> 2022
And that was specifically due to the (ongoing) Russian Invasion of Ukraine. After the 2022 spike, most large countries began building alternative supply chains to reduce impacts from these kinds of hits.
For example, the US and Europe largely doesn't use urea unlike Brazil, India, and China.
This is also why Asian countries have been investing heavily in Hydrogen energy despite HN's hate boner to the technology.
Edit: can't reply
> Is it really hydrogen energy if your plan for the hydrogen gas is turning it into ammonia?
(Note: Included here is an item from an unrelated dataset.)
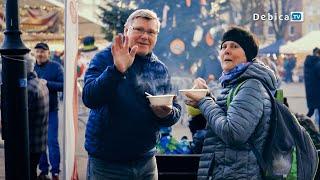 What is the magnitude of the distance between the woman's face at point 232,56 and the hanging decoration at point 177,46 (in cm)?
783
Would give you another use for it, I suppose
The whole point of building a hydrogen energy market is becuase hydrogen electrolyzers are dual use, and the methodology to leverage and produce "green" ammonia is similar to "green" hydrogen.
A non-LNG method to mass produce ammonia has always been called out in most countries Hydrogen energy roadmaps such as Japan [0], China [1], and India [2].
[0] - https://grjapan.com/sites/default/files/content/articles/fil...
[1] - https://rmi.org/wp-content/uploads/dlm_uploads/2022/09/china...
[2] - https://www.adb.org/sites/default/files/publication/1033081/...
Is it really hydrogen energy if your plan for the hydrogen gas is turning it into ammonia?
Would give you another use for it, I suppose.
The Economist was recently citing hydrogen as "deep tech" [1] (meaning long R&D cycles, sometimes unproven techniology no short term profitability, heavy investment, industry-wide transformative power).
Most of your sources have plans focused on hydrogen production, but I'd be interested to see specific targets or plans regarding specific uses like fertilizers. There are some in the Hydrogen Roadmap Europe, but it seems focused on transportation [2].